Some Other Facts you Should Know Before Having Sex
- There have been many myths about the hymen around for years, some of which even medical practitioners believed.
- The hymen is a stretchy collar of tissue and has nothing to do with virginity. This means that you cannot tell if someone is a virgin or not by looking at their hymen.
- The hymen is inside the vaginal entrance and protected by the two layers of lips of the vulva: the labia major and the labia minora.
- It is okay for females not to bleed the first time they have sex.
- There are various factors that influence whether bleeding happens or not, and one of them is the nature of the hymen: while all hymens are stretchy, some are more stretchy than others.
- After puberty, the hymen becomes more stretchy.
- The penis and clitoris, are homologous, that is, they form from the same tissue in a developing embryo.
- The area of the brain that gets stimulated during heroin intake for addicts is the same as the area of the brain that orgasms stimulate for men.
- Sex cures headaches and migraines.
- Sperm contains proteins that have the same anti-wrinkle effect as moisturizers
- Humans and dolphins are the only species that have sex for pleasure.
- Some people experience arousal when eating delicious food as when having sex.
- Good sex triggers the region of the brain that’s associated with falling in love.
- People who have sex about twice a week have a stronger immune system.
- Reports from as early as 2968 B.C. prove that men did have multiple orgasms, a phenomenon more commonly associated with women.
- A person’s inability to reach orgasm is called anorgasmia, literally meaning “lack of orgasm”.
- The average man needs 2–10 minutes to climax.
- The average woman needs 20 minutes to climax.
- Some women, surprisingly, have been reported to climax with merely 30 seconds of masturbation.
- Some women orgasm during childbirth.
- People have reported orgasming from simply thinking about orgasming.
- People who have had sex reassignment surgery have stimulated orgasms.
- The reason that sometimes a person looks like they’re in pain when they’re orgasming is that two of the brain regions that are activated by pain are also activated during orgasm.
- Orgasms relieve pain for about ten minutes after climax.
- Transudation is the process of vaginal lubricant moving from the blood capillaries to coat the vaginal canal, colloquially known as a woman getting wet.
- If a woman feels insecure about her relationship, she is less likely to orgasm.
- The first written mention of female ejaculation is by Aristotle.
- Women and men with spinal cord injuries can experience orgasm when a partner stimulates the hypersensitive skin around their injury.
- A man can ejaculate without an erection.
- In Egyptian folklore, the world was created when the god Atum masturbated.
- Medieval writers called pre-ejaculate “the distillate of love”.
- An orgasm involves practically every body system, even though it’s primarily felt in the brain.
- People have been using sex toys for orgasm for centuries.
- Clitoral hood piercings don’t have any negative impact on orgasm.
- Circumcision doesn’t negatively affect a man’s ability to achieve orgasm, however, foreskin leads to increased duration.

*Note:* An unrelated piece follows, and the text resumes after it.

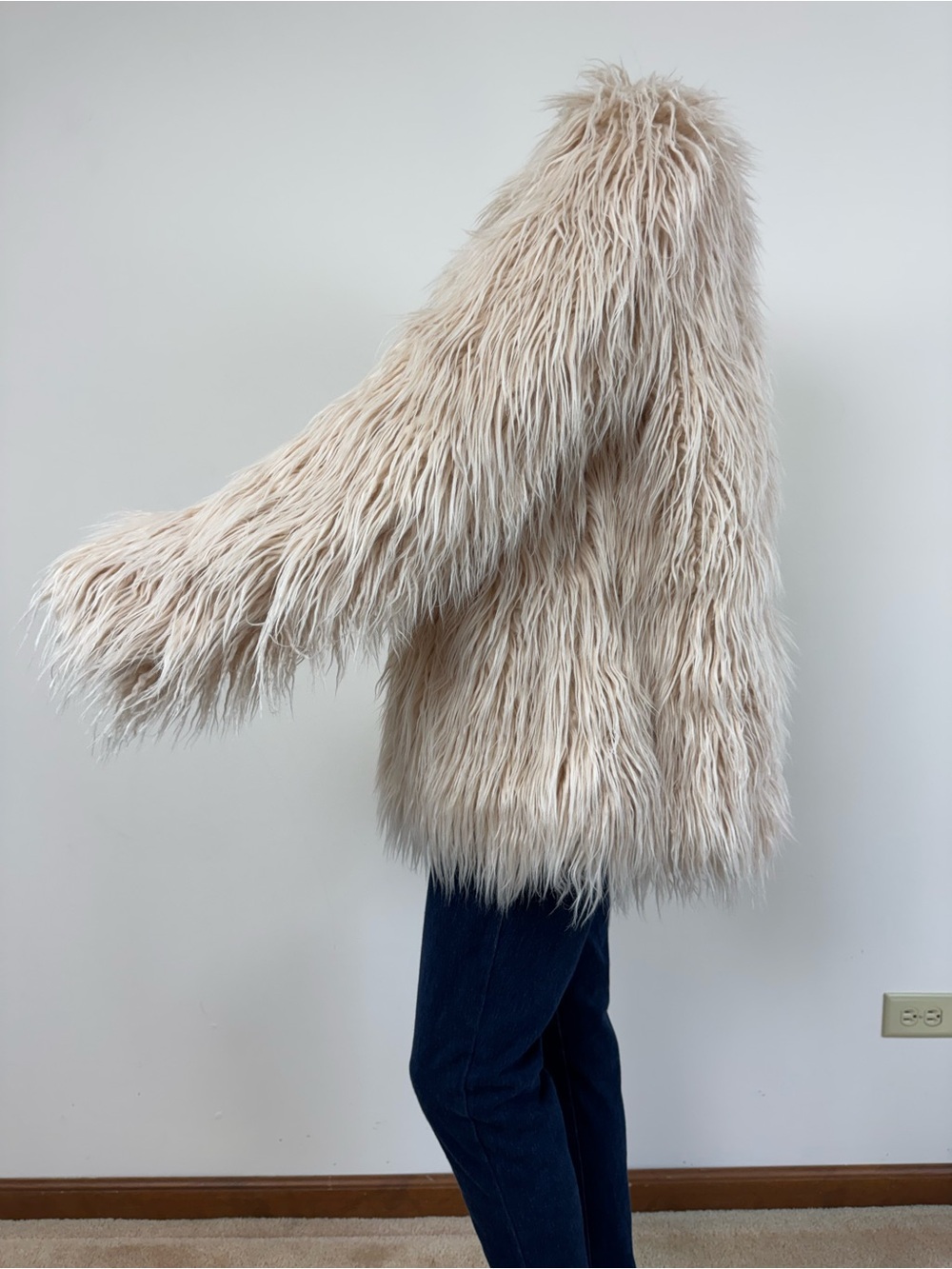 Antonio Melani Mongolian Style Faux Fur Jacket Cream Ivory Hook Closure L - Picture 5 of 15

- When a person achieves climax, the areas of the brain that process fear and vigilance shut down.
- An orgasm by itself only burns 2–3 calories, but you can burn up to 50 calories during foreplay and intercourse.
- To encourage people to talk about masturbation without feeling embarrassed, the San Francisco Center for Sex and Culture holds a Masturbate-A-Thon each year.
- A report says about 15–20% of American women have never orgasmed.
Now that you Know…
Sex is not an act to rush into. You need all the information you can garner, and preparedness also. Now you are better informed and can make more logical decisions before having sex. The major problem people encounter is not having the right information. This is why they make uninformed choice and regret doing so.